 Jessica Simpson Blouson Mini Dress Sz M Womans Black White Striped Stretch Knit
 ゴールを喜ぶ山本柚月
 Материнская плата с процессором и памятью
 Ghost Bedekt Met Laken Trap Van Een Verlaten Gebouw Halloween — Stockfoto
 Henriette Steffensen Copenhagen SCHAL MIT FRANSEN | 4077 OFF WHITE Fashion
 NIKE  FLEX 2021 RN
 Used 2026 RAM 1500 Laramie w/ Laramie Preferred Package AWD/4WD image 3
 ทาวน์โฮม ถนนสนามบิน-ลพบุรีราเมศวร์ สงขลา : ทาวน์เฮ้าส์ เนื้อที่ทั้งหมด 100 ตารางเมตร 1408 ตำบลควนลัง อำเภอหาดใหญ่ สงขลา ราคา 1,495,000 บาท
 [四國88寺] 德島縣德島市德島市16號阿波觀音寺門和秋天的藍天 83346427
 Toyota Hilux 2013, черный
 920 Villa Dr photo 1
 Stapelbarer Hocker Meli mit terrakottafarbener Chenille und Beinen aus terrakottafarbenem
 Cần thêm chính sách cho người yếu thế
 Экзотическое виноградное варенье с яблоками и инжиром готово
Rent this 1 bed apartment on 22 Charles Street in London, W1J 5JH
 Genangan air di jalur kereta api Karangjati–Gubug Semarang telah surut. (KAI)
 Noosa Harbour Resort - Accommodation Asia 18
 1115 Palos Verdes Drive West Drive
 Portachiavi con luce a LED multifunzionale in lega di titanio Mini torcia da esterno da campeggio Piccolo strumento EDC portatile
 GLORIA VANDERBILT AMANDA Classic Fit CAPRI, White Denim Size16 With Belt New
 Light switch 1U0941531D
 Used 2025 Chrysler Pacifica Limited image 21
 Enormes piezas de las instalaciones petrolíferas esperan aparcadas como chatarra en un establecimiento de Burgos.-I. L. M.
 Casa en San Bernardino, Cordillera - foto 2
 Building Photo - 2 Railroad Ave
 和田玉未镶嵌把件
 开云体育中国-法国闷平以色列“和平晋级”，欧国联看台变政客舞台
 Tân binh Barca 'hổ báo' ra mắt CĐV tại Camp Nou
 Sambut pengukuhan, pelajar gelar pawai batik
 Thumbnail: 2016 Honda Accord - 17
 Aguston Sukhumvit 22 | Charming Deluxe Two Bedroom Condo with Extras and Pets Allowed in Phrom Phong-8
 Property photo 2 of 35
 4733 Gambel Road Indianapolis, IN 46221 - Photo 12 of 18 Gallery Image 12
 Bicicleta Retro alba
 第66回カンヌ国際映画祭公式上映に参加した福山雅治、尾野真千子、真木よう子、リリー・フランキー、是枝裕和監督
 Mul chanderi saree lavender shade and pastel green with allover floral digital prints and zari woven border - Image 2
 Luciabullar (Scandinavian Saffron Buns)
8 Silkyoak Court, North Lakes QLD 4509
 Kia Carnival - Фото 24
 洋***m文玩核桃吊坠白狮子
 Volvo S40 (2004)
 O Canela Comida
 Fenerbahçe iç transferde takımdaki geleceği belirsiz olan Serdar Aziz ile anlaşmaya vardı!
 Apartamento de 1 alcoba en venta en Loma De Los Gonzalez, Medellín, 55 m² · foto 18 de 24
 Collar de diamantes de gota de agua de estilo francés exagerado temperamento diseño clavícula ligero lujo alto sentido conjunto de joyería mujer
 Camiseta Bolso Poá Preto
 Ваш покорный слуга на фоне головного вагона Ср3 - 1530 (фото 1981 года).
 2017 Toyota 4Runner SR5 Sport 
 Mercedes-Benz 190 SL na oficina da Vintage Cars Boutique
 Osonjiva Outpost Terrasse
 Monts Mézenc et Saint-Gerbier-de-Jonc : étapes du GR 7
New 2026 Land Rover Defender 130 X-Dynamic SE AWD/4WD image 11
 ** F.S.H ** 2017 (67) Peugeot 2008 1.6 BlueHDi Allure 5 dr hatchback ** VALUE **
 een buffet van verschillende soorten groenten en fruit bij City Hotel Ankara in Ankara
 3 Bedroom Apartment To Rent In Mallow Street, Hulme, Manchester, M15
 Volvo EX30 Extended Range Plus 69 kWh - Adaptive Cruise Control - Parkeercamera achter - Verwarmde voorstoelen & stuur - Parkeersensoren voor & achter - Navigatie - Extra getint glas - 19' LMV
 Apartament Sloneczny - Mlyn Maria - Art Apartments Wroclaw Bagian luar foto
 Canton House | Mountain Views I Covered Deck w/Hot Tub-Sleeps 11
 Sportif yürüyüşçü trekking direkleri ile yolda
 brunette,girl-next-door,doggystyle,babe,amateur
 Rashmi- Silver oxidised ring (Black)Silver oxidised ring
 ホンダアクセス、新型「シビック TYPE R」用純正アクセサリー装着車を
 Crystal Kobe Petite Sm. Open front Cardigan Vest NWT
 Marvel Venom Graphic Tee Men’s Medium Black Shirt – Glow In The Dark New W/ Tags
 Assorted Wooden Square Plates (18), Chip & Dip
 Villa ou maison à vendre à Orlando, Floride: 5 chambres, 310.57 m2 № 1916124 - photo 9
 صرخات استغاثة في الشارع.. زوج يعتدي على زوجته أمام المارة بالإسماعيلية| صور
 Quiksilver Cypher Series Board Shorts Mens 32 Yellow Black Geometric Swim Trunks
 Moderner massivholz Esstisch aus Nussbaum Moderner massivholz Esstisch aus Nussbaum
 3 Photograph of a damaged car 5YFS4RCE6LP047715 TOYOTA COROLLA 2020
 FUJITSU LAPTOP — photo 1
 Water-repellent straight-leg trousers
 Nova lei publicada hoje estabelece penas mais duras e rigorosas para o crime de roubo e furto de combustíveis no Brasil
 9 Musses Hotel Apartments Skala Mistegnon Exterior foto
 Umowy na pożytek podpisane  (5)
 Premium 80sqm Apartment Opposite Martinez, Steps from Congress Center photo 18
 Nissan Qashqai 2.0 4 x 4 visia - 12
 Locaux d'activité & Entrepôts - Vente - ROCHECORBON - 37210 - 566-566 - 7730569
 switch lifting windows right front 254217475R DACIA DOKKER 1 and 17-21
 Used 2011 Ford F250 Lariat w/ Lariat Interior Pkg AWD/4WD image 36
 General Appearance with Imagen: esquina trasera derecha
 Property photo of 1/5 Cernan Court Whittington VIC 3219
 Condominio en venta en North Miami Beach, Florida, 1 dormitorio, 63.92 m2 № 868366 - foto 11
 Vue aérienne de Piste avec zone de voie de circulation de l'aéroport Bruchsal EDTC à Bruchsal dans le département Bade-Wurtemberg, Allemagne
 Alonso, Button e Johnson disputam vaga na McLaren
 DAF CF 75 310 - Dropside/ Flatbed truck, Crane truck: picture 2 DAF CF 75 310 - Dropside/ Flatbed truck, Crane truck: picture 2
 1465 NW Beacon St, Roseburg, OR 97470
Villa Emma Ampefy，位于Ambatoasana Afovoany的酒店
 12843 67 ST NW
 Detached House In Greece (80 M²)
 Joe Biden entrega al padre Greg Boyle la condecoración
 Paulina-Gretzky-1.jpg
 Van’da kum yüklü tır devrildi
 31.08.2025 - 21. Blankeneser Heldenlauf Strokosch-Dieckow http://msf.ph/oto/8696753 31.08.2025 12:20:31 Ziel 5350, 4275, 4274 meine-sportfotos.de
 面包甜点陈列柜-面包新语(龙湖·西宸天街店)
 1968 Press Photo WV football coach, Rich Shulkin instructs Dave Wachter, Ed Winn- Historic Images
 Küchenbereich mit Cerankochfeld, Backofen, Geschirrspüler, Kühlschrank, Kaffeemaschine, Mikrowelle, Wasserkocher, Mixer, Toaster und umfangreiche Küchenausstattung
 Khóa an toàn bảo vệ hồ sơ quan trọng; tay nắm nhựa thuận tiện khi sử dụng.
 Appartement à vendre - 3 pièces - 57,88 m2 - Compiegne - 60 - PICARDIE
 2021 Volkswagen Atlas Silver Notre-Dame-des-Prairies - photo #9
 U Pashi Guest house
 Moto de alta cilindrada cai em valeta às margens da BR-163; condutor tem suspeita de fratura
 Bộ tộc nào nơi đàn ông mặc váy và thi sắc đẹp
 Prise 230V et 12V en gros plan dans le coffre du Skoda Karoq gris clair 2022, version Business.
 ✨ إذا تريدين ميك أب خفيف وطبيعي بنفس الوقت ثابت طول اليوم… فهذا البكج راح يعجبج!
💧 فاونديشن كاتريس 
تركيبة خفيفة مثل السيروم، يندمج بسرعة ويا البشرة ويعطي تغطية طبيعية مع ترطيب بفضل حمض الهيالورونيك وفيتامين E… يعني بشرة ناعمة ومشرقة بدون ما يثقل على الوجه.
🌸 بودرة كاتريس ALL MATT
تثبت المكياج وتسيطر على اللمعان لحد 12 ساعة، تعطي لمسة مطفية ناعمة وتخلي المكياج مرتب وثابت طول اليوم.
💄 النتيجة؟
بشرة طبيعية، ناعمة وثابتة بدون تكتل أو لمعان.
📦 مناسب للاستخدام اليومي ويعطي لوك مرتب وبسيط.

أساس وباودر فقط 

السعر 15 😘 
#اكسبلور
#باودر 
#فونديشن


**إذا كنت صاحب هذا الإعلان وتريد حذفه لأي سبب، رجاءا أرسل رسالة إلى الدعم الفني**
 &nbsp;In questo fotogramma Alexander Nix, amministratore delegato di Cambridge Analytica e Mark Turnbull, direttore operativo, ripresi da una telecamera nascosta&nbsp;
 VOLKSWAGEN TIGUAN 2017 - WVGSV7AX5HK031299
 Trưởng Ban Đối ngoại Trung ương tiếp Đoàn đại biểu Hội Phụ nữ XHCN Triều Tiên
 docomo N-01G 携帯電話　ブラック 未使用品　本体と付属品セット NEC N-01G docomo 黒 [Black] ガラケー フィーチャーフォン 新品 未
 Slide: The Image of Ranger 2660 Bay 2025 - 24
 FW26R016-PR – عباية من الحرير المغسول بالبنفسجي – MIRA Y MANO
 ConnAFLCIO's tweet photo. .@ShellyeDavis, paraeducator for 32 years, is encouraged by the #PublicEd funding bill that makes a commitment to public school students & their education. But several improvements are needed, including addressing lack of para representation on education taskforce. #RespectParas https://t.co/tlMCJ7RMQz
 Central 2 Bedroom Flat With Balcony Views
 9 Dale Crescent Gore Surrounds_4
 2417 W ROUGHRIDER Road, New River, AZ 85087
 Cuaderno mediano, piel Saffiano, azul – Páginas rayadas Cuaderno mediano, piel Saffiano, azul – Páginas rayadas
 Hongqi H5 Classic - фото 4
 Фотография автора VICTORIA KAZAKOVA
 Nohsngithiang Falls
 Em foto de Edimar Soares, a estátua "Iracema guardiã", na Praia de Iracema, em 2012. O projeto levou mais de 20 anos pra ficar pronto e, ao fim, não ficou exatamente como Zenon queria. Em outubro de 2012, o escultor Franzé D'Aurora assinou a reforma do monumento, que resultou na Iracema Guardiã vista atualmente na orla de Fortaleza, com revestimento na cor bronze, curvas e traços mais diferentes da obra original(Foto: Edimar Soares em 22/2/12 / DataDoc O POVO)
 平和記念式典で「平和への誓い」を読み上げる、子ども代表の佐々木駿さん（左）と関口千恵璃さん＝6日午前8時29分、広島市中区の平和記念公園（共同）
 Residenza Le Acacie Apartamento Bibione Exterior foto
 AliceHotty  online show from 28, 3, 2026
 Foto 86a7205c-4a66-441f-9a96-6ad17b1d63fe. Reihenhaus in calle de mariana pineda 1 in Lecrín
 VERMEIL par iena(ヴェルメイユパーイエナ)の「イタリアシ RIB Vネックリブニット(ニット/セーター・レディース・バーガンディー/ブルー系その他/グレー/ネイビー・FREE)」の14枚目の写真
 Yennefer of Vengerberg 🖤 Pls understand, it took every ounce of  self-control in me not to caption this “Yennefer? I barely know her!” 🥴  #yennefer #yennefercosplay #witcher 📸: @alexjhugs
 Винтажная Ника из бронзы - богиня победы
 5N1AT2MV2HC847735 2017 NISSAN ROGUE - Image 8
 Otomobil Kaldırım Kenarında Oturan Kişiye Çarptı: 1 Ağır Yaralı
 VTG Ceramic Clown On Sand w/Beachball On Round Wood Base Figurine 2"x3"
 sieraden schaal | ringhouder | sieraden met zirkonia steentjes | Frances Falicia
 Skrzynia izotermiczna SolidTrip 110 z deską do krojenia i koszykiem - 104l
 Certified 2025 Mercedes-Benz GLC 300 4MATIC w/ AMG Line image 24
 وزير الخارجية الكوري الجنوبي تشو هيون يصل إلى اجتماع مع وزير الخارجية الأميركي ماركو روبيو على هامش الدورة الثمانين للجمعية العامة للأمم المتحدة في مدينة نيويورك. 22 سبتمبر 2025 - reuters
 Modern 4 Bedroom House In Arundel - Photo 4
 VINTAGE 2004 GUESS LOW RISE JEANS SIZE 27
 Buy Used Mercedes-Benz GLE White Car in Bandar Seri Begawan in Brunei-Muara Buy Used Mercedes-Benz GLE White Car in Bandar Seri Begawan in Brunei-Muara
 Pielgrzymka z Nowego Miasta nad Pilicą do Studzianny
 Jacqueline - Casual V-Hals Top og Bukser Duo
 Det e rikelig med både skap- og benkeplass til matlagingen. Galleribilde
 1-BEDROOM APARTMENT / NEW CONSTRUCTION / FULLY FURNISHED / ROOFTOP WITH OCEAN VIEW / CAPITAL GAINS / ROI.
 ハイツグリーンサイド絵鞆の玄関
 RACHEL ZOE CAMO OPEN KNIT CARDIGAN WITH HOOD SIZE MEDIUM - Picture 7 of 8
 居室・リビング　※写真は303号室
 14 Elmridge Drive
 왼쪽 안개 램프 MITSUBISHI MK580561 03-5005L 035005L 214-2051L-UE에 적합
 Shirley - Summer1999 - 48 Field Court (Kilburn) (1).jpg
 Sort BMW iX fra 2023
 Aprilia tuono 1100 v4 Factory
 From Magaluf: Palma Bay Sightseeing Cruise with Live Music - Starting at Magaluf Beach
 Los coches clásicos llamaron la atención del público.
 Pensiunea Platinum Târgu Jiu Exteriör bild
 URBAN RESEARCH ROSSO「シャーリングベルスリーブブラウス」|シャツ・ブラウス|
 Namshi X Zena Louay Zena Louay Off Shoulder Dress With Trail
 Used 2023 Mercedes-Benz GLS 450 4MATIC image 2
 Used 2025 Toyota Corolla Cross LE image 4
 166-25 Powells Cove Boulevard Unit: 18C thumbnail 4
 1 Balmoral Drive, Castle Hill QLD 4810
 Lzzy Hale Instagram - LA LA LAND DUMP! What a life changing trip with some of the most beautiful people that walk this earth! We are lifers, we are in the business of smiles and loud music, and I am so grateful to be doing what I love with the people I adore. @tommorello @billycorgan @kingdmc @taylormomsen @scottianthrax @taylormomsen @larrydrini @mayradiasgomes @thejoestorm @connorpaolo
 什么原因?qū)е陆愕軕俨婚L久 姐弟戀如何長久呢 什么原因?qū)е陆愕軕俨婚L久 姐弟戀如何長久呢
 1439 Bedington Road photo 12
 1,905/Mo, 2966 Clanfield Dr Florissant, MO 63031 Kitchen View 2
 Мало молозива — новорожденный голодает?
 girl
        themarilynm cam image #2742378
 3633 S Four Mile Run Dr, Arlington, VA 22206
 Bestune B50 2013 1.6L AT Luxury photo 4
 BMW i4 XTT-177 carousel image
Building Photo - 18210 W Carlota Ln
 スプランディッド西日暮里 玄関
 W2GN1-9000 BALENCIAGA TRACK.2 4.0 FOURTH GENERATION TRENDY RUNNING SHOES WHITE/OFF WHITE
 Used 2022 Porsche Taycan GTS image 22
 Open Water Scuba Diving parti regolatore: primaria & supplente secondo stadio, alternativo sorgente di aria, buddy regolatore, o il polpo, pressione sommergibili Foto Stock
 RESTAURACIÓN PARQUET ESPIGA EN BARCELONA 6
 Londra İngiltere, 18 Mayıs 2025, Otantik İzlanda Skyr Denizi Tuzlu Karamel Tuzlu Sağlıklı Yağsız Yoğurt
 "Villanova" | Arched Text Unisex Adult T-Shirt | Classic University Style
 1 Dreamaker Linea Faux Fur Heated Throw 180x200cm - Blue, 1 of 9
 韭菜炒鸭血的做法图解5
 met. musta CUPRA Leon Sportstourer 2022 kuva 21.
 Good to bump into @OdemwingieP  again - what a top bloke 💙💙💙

● ● ● ● ● ● ●

* WORK REQUEST
Show, from the material above, each line that includes the string "Water".

* EXERCISE SOLUTION
 Water-repellent straight-leg trousers
 Open Water Scuba Diving parti regolatore: primaria & supplente secondo stadio, alternativo sorgente di aria, buddy regolatore, o il polpo, pressione sommergibili Foto Stock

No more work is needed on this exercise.